World society possesses this all-inclusive quality which serves as the most extensive system of inter-connecting communication. But this does not necessarily mean that a sort of ‘one world’ will now emerge. The hallmark of a world society is characterised more so by a lack of homogeneity. That is why a global framework of reference is relevant for nearly all differentiations, structural formations and processes, in spite of and particularly because of all noticeable peculiarities, all absence of synchronicity throughout historical development as well as all the spatial differences which appear in world society and which are caused by it (Bahrenberg and Kuhm 1999: 194).

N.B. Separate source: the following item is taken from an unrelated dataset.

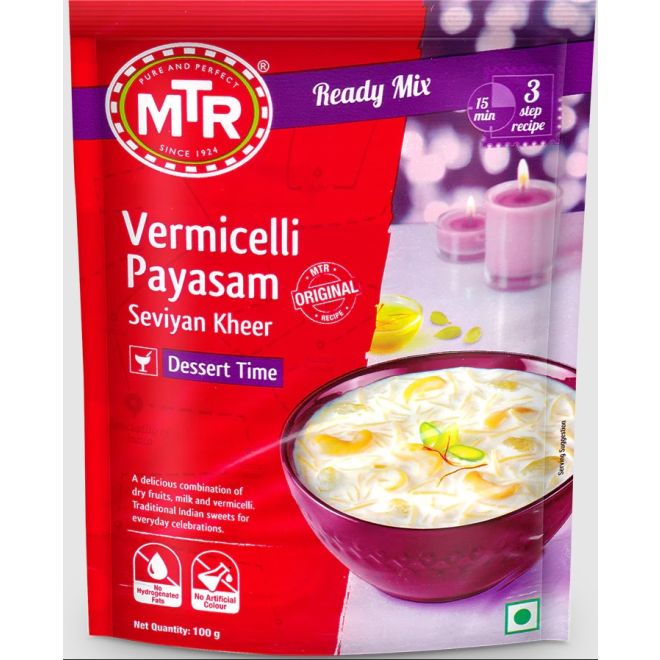 MTR Vermicelli Payasam, Seviyan Kheer (Ready Mix) - 180g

With the collapse of society into a single emerging system of communication, it is important to focus our attention on traditional urban society. Urban spaces still exist and they are growing. Nonetheless, there are no longer any spatial barriers between more or less autonomous, co-existing societal segments. Centrality no longer automatically derives from the social order. Hence, urban society cannot simply be distinguished from something in its environment. But world society continues to establish urban spaces in local–global communication processes at an intense level.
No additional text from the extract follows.